EXCERPTED DATA:

┏━━

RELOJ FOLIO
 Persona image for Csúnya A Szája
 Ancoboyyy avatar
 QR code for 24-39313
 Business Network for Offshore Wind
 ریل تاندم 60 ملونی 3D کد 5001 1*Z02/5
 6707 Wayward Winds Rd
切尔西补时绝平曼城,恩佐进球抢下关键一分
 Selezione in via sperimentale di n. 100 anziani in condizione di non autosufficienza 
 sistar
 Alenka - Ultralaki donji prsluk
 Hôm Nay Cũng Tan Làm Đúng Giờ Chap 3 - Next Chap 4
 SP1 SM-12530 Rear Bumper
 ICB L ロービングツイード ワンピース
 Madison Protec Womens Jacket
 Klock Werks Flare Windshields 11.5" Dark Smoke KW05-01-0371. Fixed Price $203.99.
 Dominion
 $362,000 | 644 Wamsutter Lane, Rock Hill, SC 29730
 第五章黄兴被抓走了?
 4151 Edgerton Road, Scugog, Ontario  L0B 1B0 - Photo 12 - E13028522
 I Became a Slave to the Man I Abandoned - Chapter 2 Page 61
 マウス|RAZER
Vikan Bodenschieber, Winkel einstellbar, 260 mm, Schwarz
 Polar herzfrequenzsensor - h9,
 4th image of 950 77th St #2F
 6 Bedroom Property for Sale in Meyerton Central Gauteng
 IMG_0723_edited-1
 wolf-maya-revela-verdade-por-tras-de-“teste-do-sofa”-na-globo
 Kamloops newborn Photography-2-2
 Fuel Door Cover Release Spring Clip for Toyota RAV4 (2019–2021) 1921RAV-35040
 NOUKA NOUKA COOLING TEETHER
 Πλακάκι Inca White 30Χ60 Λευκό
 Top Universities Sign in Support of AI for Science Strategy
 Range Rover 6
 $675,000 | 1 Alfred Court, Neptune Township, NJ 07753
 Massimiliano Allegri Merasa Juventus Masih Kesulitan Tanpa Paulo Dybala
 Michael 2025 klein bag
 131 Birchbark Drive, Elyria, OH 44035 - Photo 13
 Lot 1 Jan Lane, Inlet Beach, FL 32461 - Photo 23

┗━━

TASK DETAILS:
Looking at the listing above, which lines hold "image"? Copy every such line.

ANSWER TO THE EXERCISE:
 Persona image for Csúnya A Szája
 4th image of 950 77th St #2F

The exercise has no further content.